Vu les autres pièces du dossier ;
Vu :
- la loi n° 83-634 du 13 juillet 1983 modifiée portant droits et obligations des fonctionnaires ;
- la loi n° 84-53 du 26 janvier 1984 modifiée portant dispositions statutaires relatives à la fonction publique territoriale ;
- le décret n° 89-677 du 18 septembre 1989 relatif à la procédure disciplinaire applicable aux fonctionnaires territoriaux ;
- le décret n° 2011-444 du 21 avril 2011 portant statut particulier du cadre d'emplois des chefs de service de police municipale ;
- le code de justice administrative.
Les parties ayant été régulièrement averties du jour de l'audience ;
Après avoir entendu au cours de l'audience publique :
- le rapport de M. Fédi, président-assesseur,
- les conclusions de M. Deliancourt, rapporteur public,
- et les observations de Me I..., représentant M. B... ;
Considérant ce qui suit :
1. M. B..., né le 7 décembre 1967, a été recruté par la commune de Givors, en qualité de chef de la police municipale, le 4 mai 2015 et a été rattaché au secteur usagers et cadre de vie de la commune, après avoir exercé précédemment les mêmes fonctions auprès de la commune de Craponne. M. B..., qui a été révoqué de ses fonctions de chef de la police municipale de Givors, par arrêté du 6 janvier 2016, entraînant sa radiation des cadres et perte de sa qualité de fonctionnaire, relève appel du jugement du 21 novembre 2018 par lequel le tribunal administratif de Lyon a rejeté sa demande d'annulation de cet arrêté.
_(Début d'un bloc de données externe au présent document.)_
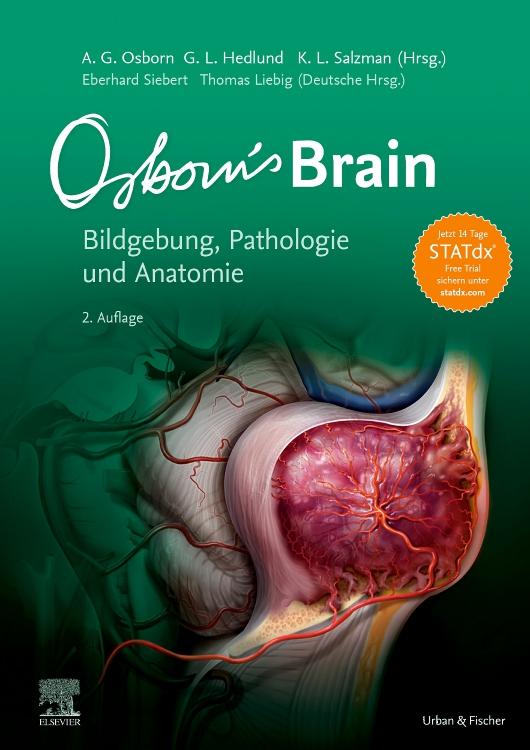 Vorderes Coverbild Osborn's Brain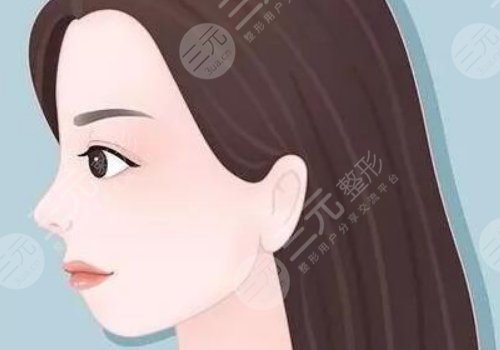 下巴后縮可以矯正過(guò)來(lái)嗎？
Sur les conclusions à fin d'annulation :
2. Aux termes de l'article 29 de la loi du 13 juillet 1983 : " Toute faute commise par un fonctionnaire dans l'exercice ou à l'occasion de l'exercice de ses fonctions l'expose à une sanction disciplinaire (...) ". Aux termes de l'article 89 de la loi du 26 janvier 1984 : " Les sanctions disciplinaires sont réparties en quatre groupes : (...) Quatrième groupe : (...) la révocation (...) ".
3. Il appartient au juge de l'excès de pouvoir, saisi de moyens en ce sens, de rechercher si les faits reprochés à un agent public ayant fait l'objet d'une sanction disciplinaire constituent des fautes de nature à justifier une sanction et si la sanction retenue est proportionnée à la gravité de ces fautes.
4. Il est tout d'abord reproché à M. B... d'avoir consulté à six reprises, les 22, 23, 27, 28 et 30 juillet ainsi que le 5 août 2015, des images pornographiques avec les moyens et pendant les heures de service. M. B... a reconnu les faits. Devant le conseil de discipline, M. B... a justifié son comportement par l'état de stress dans lequel il se trouvait du fait de sa surcharge de travail. Il ressort des pièces du dossier que les consultations de sites pornographiques représentent un total de 43 h 15, soit une moyenne de 7 heures par journée et ce pendant plusieurs heures consécutives le plus souvent. Cette durée de consultation, qui doit être analysée, sur cette période, comme une pratique récurrente de la part de l'intéressé, représente, en outre, une grande partie du temps de travail quotidien de M. B.... Elle est donc de nature à nuire au bon fonctionnement du service et à compromettre fortement l'exercice réel des fonctions de l'agent, alors même que ces consultations ont été faites pour une faible partie, en dehors des heures de service, mais toujours sur le lieu de travail.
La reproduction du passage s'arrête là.